For the purposes of demonstration, the first pass of the filter only accepted inputs in AV_PIX_FMT_RGB24, which, while convenient, isn’t a great choice for a couple of reasons:

  • If a video’s native pixel format isn’t RGB (hint: it’s not), ffmpeg’ll use libswscale to convert the frames before throwing them at our filter. As we’ve already got a live GL context, this is something we could handle ourselves in a fragment shader.

  • The native pixel format of the video is likely lower bandwidth than RGB.

To keep things manageable, we’ll only support a single input pixel format - YUV420P. While this is a lot more useful than RGB24, more useful still would be to accept frames in a range of common formats, both packed & planar. It should be relatively clear how to do that from a single example, and the changes oughtn’t be far-reaching1.

On the output side, we’ll still read RGB data from the GPU (which libswscale will likely be converting to YUV, depending on what’s happening at runtime). Changing that’d be pretty awkward, and a less obvious victory than addressing the input.

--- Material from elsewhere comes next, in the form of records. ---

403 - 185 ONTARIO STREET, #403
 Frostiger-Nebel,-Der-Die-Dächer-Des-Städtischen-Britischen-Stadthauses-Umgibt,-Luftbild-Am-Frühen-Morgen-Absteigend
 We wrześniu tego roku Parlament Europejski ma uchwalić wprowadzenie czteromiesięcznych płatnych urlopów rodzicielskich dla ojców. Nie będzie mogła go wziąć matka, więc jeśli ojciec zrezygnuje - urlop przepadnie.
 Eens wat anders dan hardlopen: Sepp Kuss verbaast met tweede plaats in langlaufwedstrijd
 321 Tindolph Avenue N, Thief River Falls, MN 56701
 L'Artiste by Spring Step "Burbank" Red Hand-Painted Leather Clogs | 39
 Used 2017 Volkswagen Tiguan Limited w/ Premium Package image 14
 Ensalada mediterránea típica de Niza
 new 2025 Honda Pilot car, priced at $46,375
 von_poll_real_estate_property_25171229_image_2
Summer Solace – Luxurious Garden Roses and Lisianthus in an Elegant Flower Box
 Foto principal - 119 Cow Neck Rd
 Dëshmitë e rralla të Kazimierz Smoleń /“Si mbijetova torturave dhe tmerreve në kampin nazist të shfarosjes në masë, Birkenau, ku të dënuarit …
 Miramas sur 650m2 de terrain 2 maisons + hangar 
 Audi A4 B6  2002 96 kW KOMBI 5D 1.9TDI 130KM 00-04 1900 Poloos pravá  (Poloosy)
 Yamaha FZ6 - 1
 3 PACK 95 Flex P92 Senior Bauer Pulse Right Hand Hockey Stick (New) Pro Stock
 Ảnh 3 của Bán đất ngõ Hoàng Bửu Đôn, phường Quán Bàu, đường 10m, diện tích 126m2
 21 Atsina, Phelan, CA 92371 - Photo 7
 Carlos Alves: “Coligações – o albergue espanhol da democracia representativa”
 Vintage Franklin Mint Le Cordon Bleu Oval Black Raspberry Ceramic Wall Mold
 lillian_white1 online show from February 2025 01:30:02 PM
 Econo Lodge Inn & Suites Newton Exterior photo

1 You ought to benchmark this before going wild. Depending on your platform & the spread of formats in your input sample, there may be a negligible (or negative) performance delta between FFmpeg’s accelerated format translation and whatever you’re doing in the shader.

Walkthrough

We’ll be covering only the chunks of the filter which have changed significantly since the previous post.

#define OUTPUT_BUFFERS 2
#define INPUT_BUFFERS  2
#define PIXEL_FORMAT   GL_RED

typedef struct {
  const AVClass *class;
  GLuint        program;
  GLuint        pbo_in[INPUT_BUFFERS];
  GLuint        pbo_out[OUTPUT_BUFFERS];
  GLuint        tex[3];
  AVFrame       *last;
  int           frame_idx;
  GLFWwindow    *window;
  GLuint        pos_buf;
} GenericShaderContext;

pbo_in and pbo_out are going to be treated as circular arrays of input (unpack) and output (pack) pixel buffers.

Rather than poll/synchronize to avoid stalling, we’ll stay one frame behind (i.e. first call to filter_frame outputs nothing, second call outputs first frame, etc.). We’re assuming that the interval between filter_frame callbacks is sufficiently long that we can avoid stalling with only a small number of pixel buffers. If that wasn’t the case, we could increase the buffer count constants, memory permitting.

Setup

static void pbo_setup(AVFilterLink *inl) {
  AVFilterContext     *ctx = inl->dst;
  GenericShaderContext *gs = ctx->priv;

  glGenBuffers(INPUT_BUFFERS, gs->pbo_in);
  for(int i = 0; i < INPUT_BUFFERS; i++) {
    glBindBuffer(GL_PIXEL_UNPACK_BUFFER, gs->pbo_in[i]);
    glBufferData(
      GL_PIXEL_UNPACK_BUFFER, inl->w*inl->h*1.5, 0, GL_STREAM_DRAW);
    glBindBuffer(GL_PIXEL_UNPACK_BUFFER, 0);
  }

  glGenBuffers(OUTPUT_BUFFERS, gs->pbo_out);
  for(int i = 0; i < OUTPUT_BUFFERS; i++) {
    glBindBuffer(GL_PIXEL_PACK_BUFFER, gs->pbo_out[i]);
    glBufferData(
      GL_PIXEL_PACK_BUFFER, inl->w*inl->h*3, 0, GL_STREAM_READ);
    glBindBuffer(GL_PIXEL_PACK_BUFFER, 0);
  }
}

We’re inputting YUV, and outputting RGB, hence the differing buffer dimensions.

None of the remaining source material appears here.